Directions for the data below: repeat exactly the lines from the one with "Tux Ribbed Design Leather 6oz Flask Gift Set" through the one with "New 28.5mm NH35", both included, and omit all pictures.

-*-*-

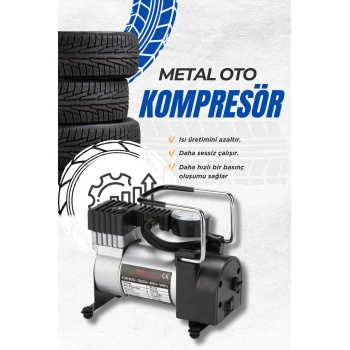 Metal Gövdeli Oto Lastik Şişirme Pompası – 12V Araç Tipi Hava Kompresörü (Çakmak Girişli)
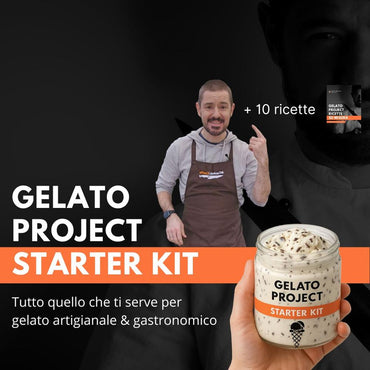 Kit starter per gelato artigianale SaporePuro di Cucina.Li, include ingredienti per preparare gelato fatto in casa.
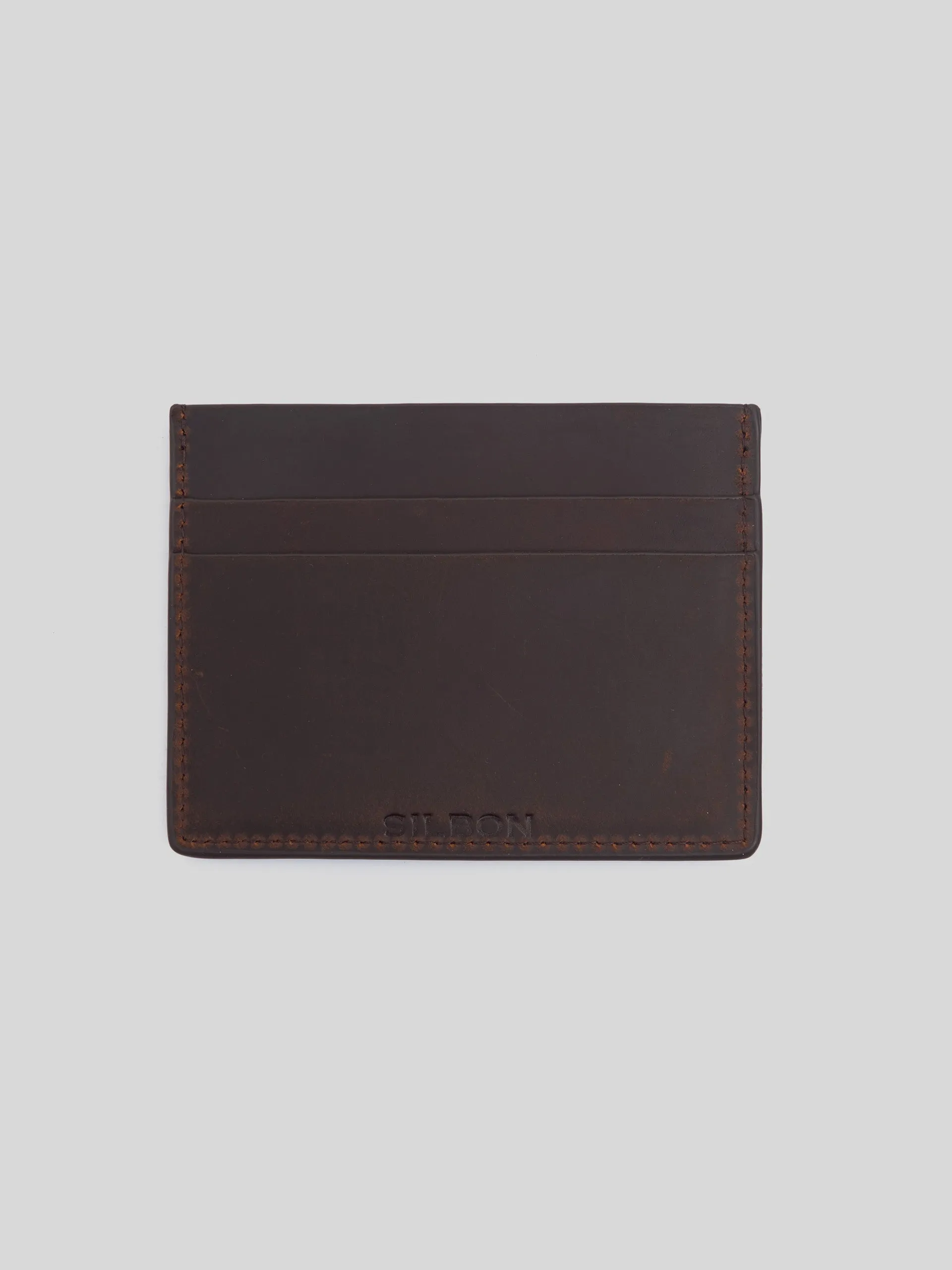 Tarjetero silbon piel marron multiraquetas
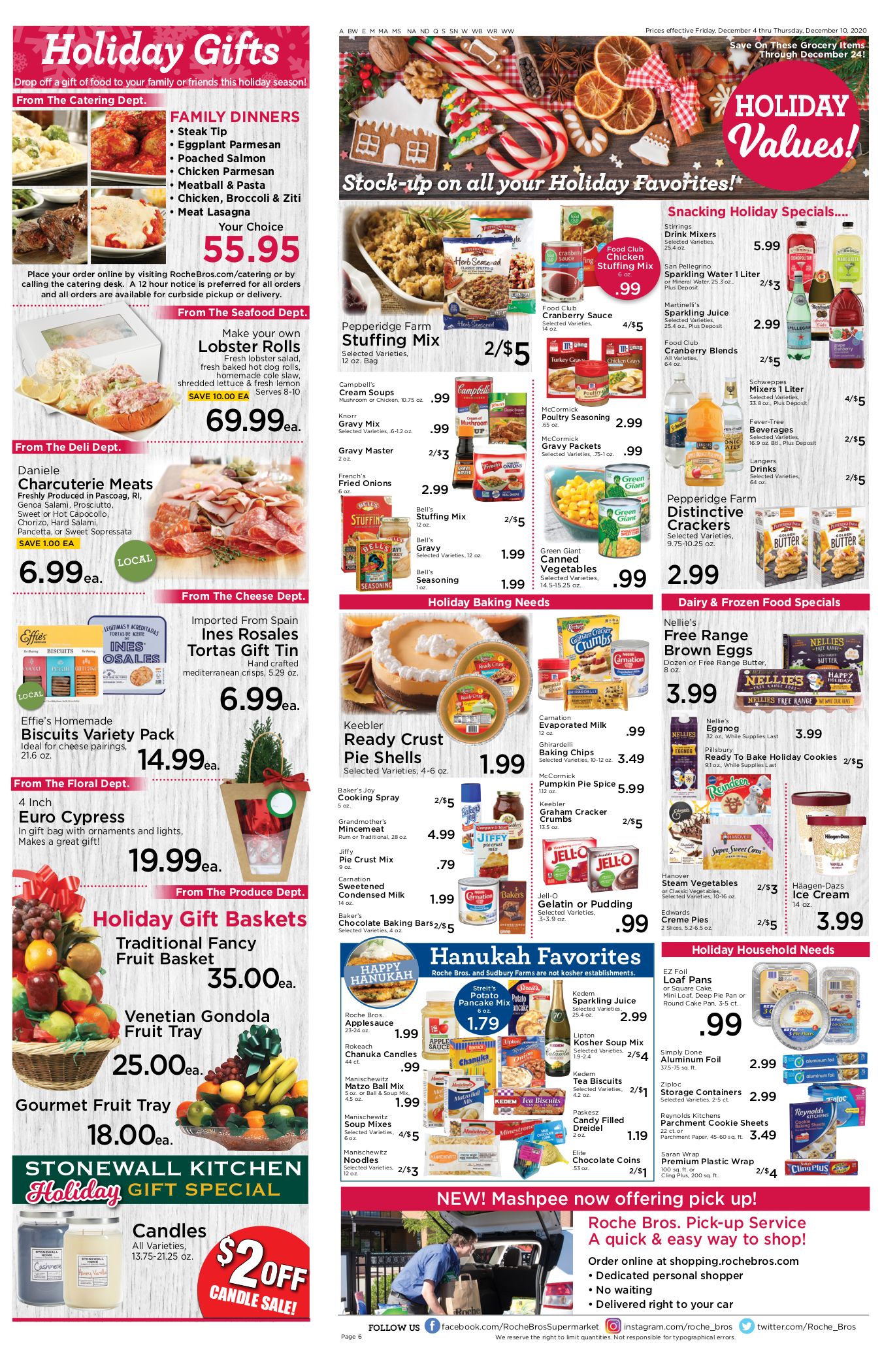 Roche Bros Supermarkets Holiday Hanukkah Weekly Ad Flyer December 4 to December 10, 2020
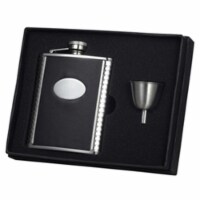 Tux Ribbed Design Leather 6oz Flask Gift Set
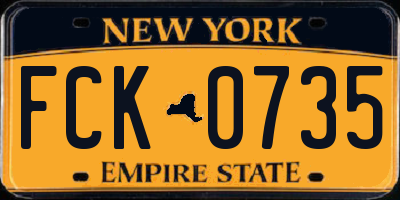 NY license plate FCK0735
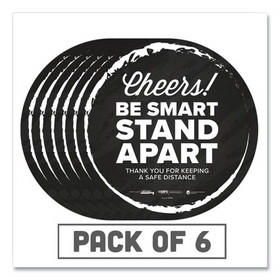 Tabbies TAB79085 BeSafe Messaging Floor Decals, Cheers;Be Smart Stand Apart;Thank You for Keeping A Safe Distance, 12" Dia, Black/White, 6/CT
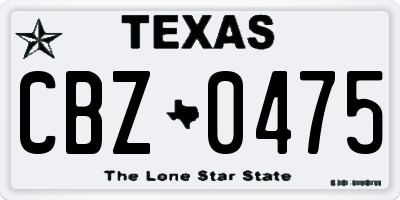 TX license plate CBZ0475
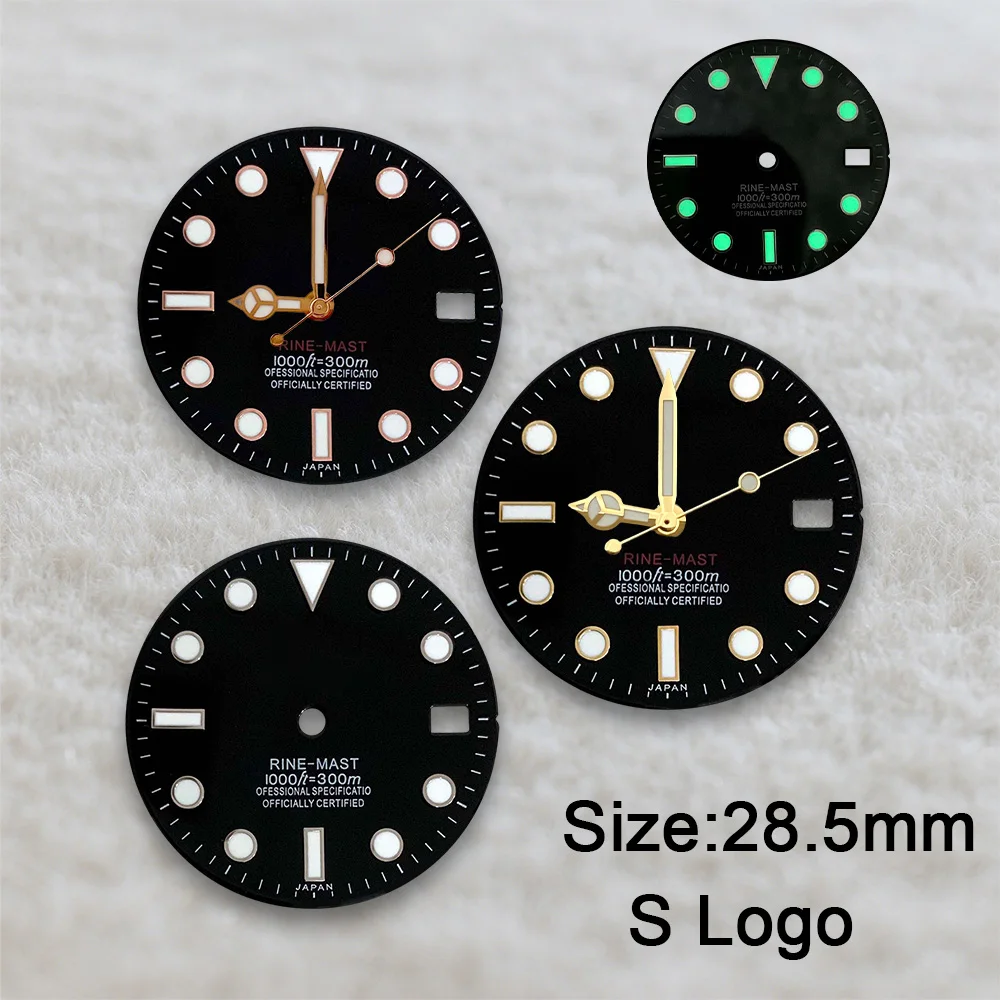 New 28.5mm NH35 Dial S Logo GMT Dial Suitable For NH35/NH36 Movement Watch Modification Accessories Green Luminous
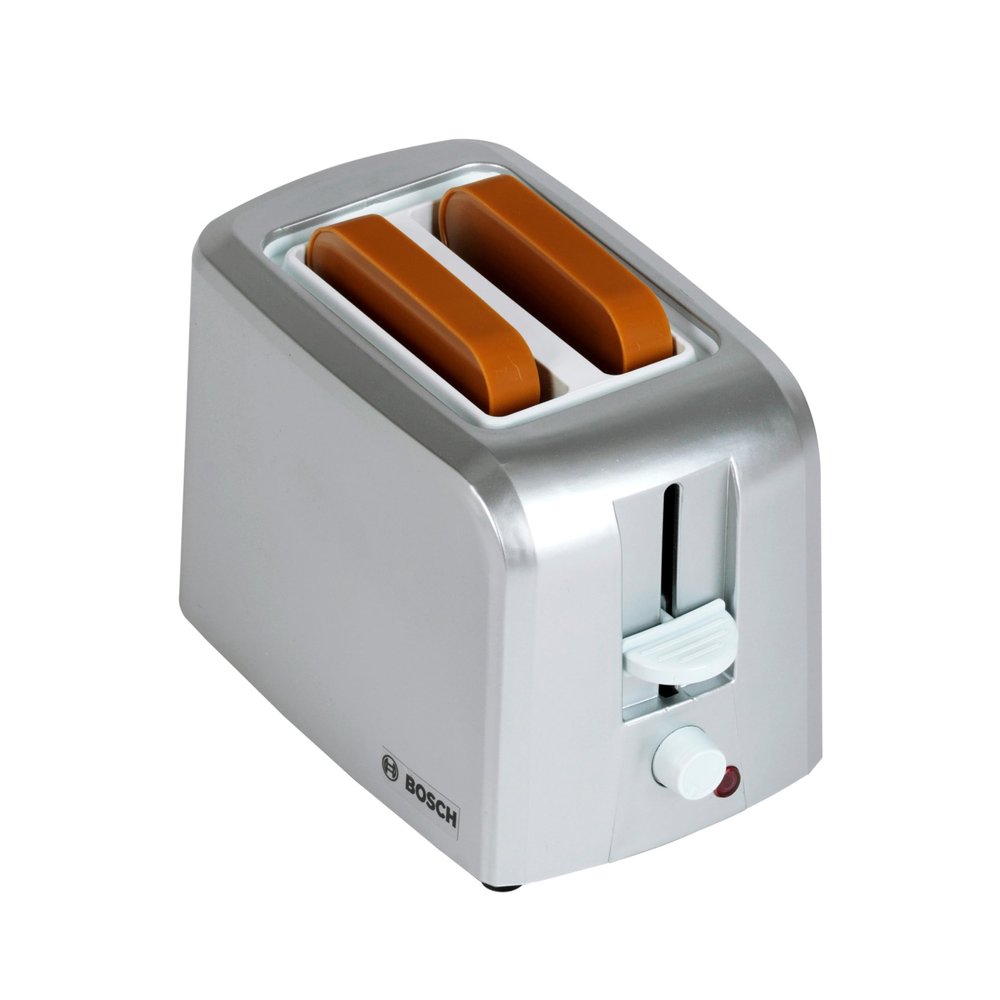 Theo Klein 9210 Bosch Toaster with Mechanical Toast Function, Includes 2 Slices Toy Toast, Dimensions: 15 cm x 12 cm x 10.5 cm, Toy for Children from 3 Years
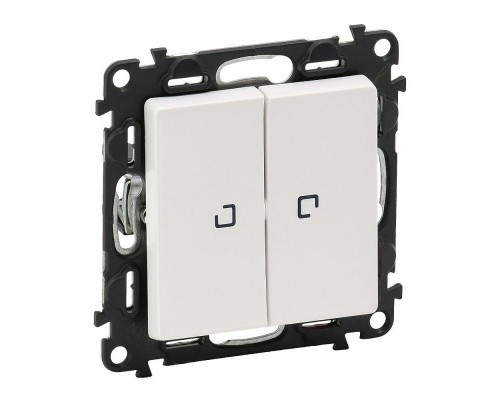 Механизм переключателя 2-кл. СП Valena Life 10А IP20 250В 10AX с подсветкой с лиц. панелью бел. Leg 752409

-*-*-

__SOLUTION TO THE PROBLEM__
 Tux Ribbed Design Leather 6oz Flask Gift Set
 NY license plate FCK0735
 Tabbies TAB79085 BeSafe Messaging Floor Decals, Cheers;Be Smart Stand Apart;Thank You for Keeping A Safe Distance, 12" Dia, Black/White, 6/CT
 TX license plate CBZ0475
 New 28.5mm NH35 Dial S Logo GMT Dial Suitable For NH35/NH36 Movement Watch Modification Accessories Green Luminous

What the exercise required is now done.